In London, the FTSE 100 closed down 1.0% to 6,970.78 points; Frankfurt — DAX 30 ended down 0.4% to 11,257.24 points and Paris — CAC 40 closed down 0.4% to 5,003.92 points yesterday.
“There’s been a little bit of downside seen in the stock markets as investors nervously await the outcome of key meetings between world leaders at the G20 summit in Buenos Aires,” said XTB analyst David Cheetham.
“The main event on traders’ radars is clearly the Trump-Xi meeting — and what this means for trade between the world’s two largest economies going forward.”

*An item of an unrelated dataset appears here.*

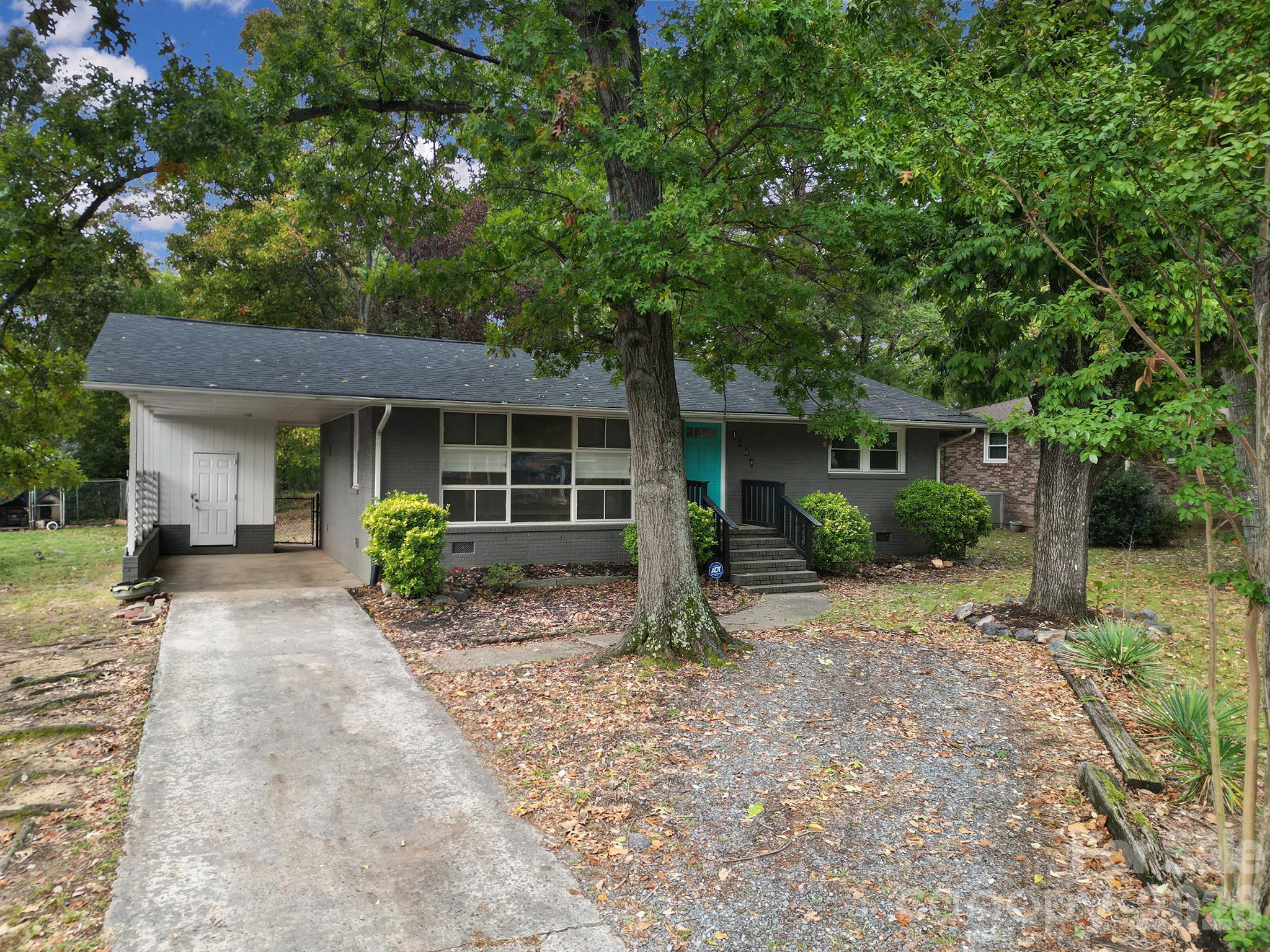 1064 Stonewall Avenue Property Photo 2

“The risks still remain tilted to the downside...as the tensions over trade and politics between China and the US hang over sentiment like a dark cloud,” noted CMC Markets UK analyst Michael Hewson.
“President Trump has already said he is close to a deal on trade with China; he’s just not sure that he wants to do it, which raised some optimism that some form of fudged compromise might come out of the weekend meeting.
“The Chinese foreign ministry has said this morning it hopes that the US can show sincerity and meet China halfway in talks.
“We shall see, but as the song says it takes two to tango, and it’s not immediately clear that the United States wants to.”
In Asia, Tokyo stocks closed up 0.4%, Hong Kong added 0.2%, while Shanghai finished 0.8% higher, with dealers poring over data showing Chinese manufacturing stalled in November as the effects of Trump’s multi-billion-dollar tariffs begin to bite.
Beyond the G20, traders are eyeing the following weekend’s gathering of Opec and non-Opec oil producers, where Saudi Arabia and others are expected to cut output in a bid to support prices.
But oil prices dipped yesterday in volatile deals, one day after New York crude had ducked below $50 per barrel for the first time in almost 14 months.
The market had briefly bounced higher in Asian trading hours on a report that Russia will join in any output reduction.